Highlights

  • New computation-friendly compression scheme for Boolean or binary matrices
  • New matrix multiplication kernel for sparse-dense matrix operations
  • Format and kernel implemented in C++ and OpenMP, relying on Intel MKL and NVIDIA cuSPARSE, supporting CPU (sequential, multi-threaded, SIMD) and GPU architectures
  • Experimental results show that CBM can reduce the memory footprint of real-world graphs by up to 11×, and that parallel matrix multiplication using CBM is more than 5× faster than state-of-the-art sparse-dense multiplication kernels
  • Fully compatible with PyTorch for GNN training and inference tasks


Challenge

Graph Neural Networks (GNNs) are a key technology for learning from graph-structured data and are expected to drive future AI applications on large-scale high-performance computing (HPC) systems. These models require long sequences of sparse-dense matrix multiplications, particularly involving binary adjacency matrices and dense node feature embeddings. Existing sparse matrix formats like COO and CSR are designed to store only non-zero entries, but they do not exploit similarities between matrix rows or columns. The challenge addressed in this study was to develop a novel binary matrix format that not only achieves better compression than classical sparse formats, but also enables a matrix multiplication kernel competitive with state-of-the-art implementations in terms of speed and scalability.


Research Topic

The CBM4Scale study set out to design and implement a fundamentally new algorithm for representing and computing with sparse binary matrices, addressing a key performance bottleneck in Graph Neural Network (GNN) workloads. The result is the Compressed Binary Matrix (CBM) format and its associated matrix multiplication kernel, CBMM. Together, they offer an efficient alternative to traditional sparse formats by reducing memory usage and computational overhead, particularly in sparse-dense matrix operations that are central to GNN training and inference. By integrating CBM and CBMM into the PyTorch ecosystem, the project aims to enable significant performance gains in large-scale AI workloads running on current and future European HPC systems.

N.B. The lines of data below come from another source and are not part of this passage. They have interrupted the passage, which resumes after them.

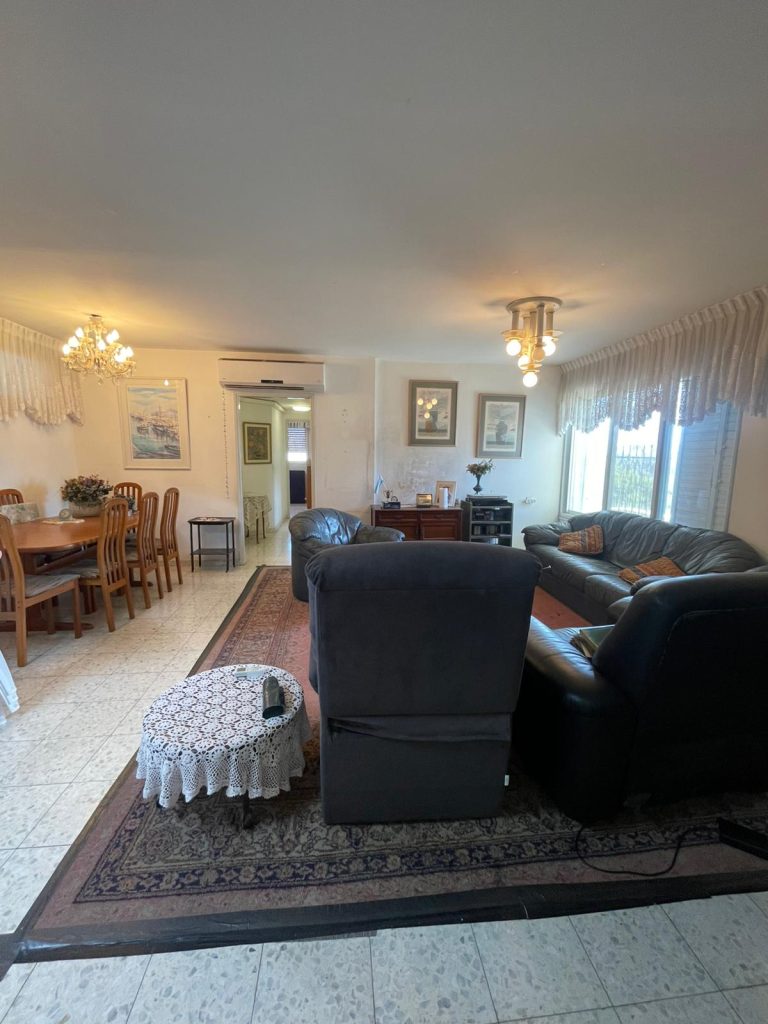 0d429482-555a-4f7e-b847-41e62334f581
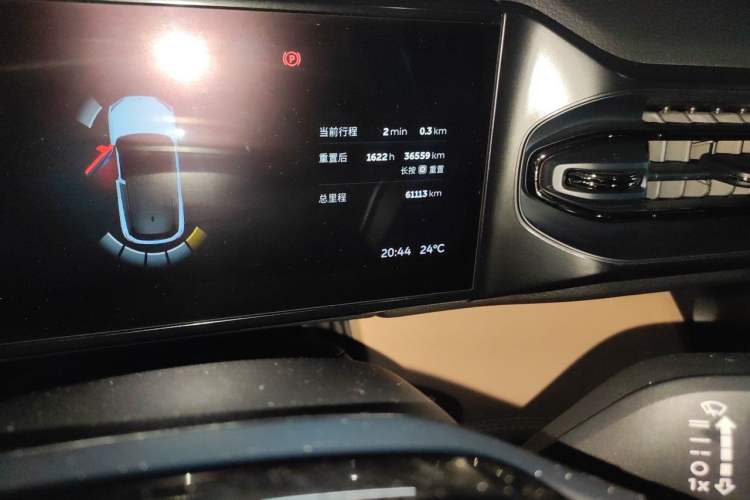Used Nio ES6 2020 420 km Sport Edition Odometer Close Up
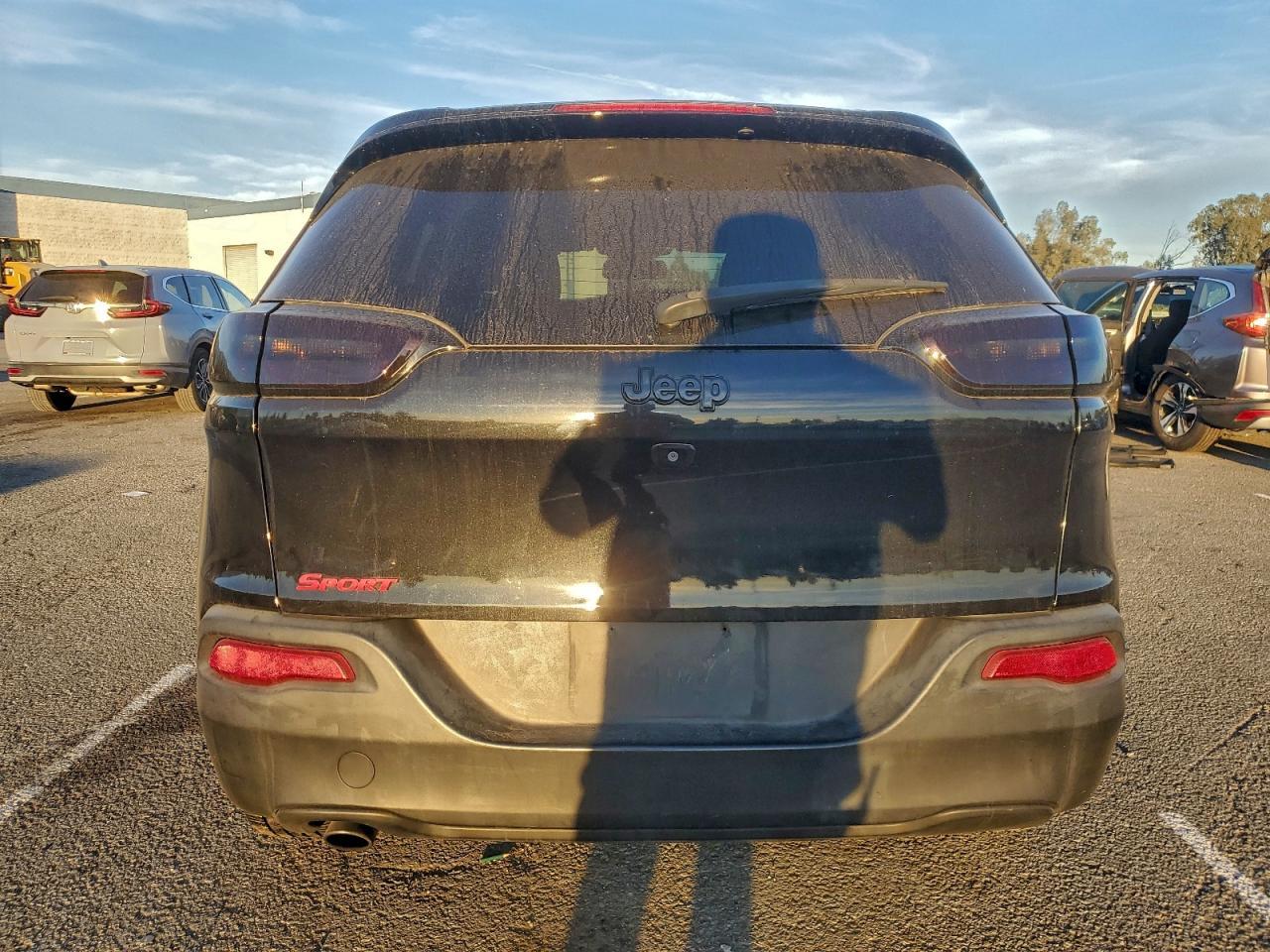 2016 Jeep Cherokee Sport - Image 6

The implementation is written in C++ with OpenMP and leverages Intel MKL and NVIDIA cuSPARSE to support both CPU and GPU platforms. It is designed for shared-memory architectures and supports multi-threading and SIMD operations. CBMM is fully compatible with PyTorch and its Autograd engine and can be used transparently with models based on Graph Convolutional Networks (GCN), GraphSAGE, and Graph Isomorphism Networks (GIN) during both training and inference. The full implementation is publicly available via the project’s GitHub repository at https://github.com/cbm4scale . Additional technical details are provided in a preprint at arxiv.org/abs/2409.02208 , and results will be presented at IPDPS 2025.


Solution

The CBM format addresses the challenge of efficiently representing binary matrices by encoding each row in terms of its differences (deltas) from another similar row within the same matrix. This is based on a minimal row-dependency tree, also known as an arborescence. The CBMM kernel performs sparse-dense matrix multiplication by traversing this tree structure, reusing intermediate results wherever possible. This allows the product to be computed using fewer scalar operations than the number of non-zero entries in the original matrix. The structure of the dependency tree also enables parallelism, which is exploited using OpenMP and CUDA streams for efficient execution on CPUs and GPUs.